Task description →
All lines from the one that contains "Ventimiglia Location Map" to the end of the data must be retyped exactly. Pictures are not retyped.

Provided data →
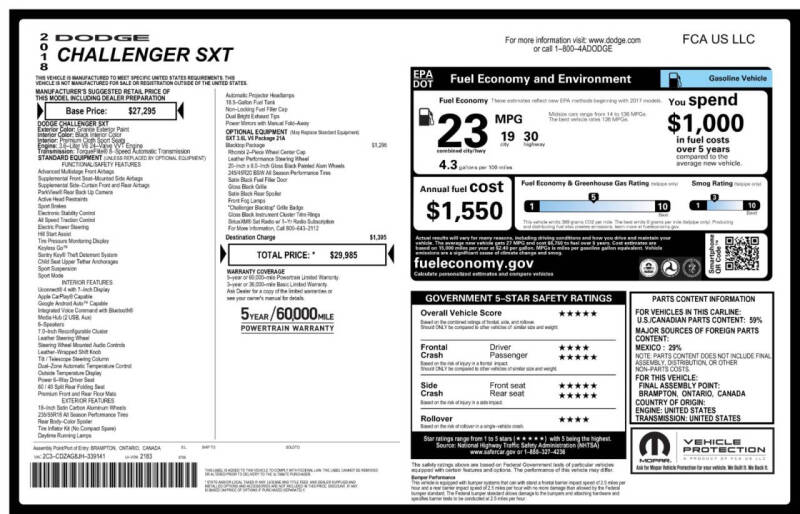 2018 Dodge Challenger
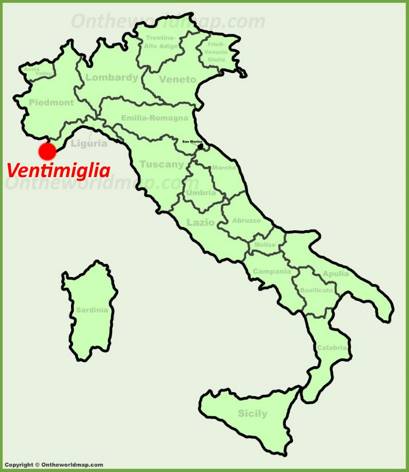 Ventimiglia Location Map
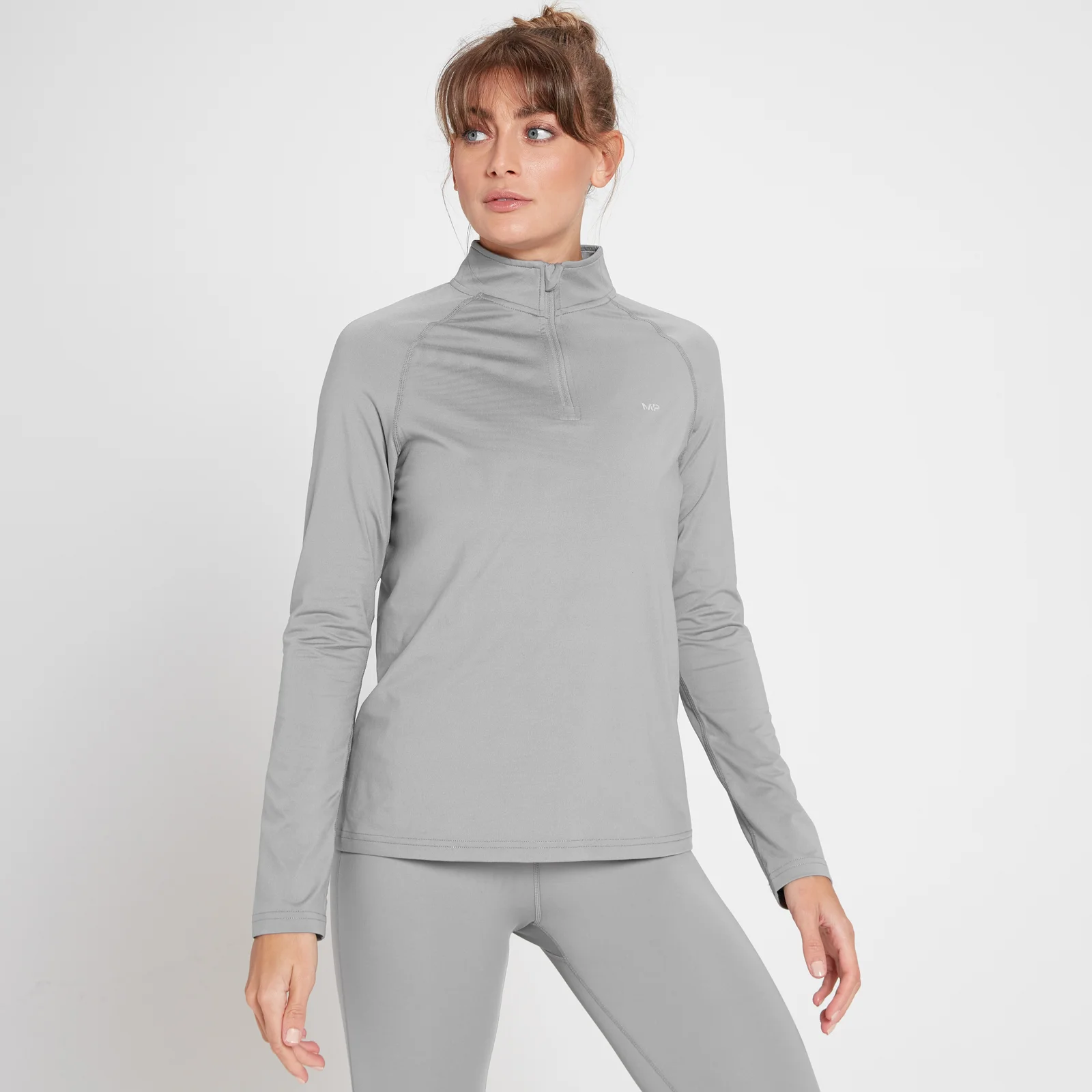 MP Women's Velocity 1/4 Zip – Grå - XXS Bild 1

Answer space →
 Ventimiglia Location Map
 MP Women's Velocity 1/4 Zip – Grå - XXS Bild 1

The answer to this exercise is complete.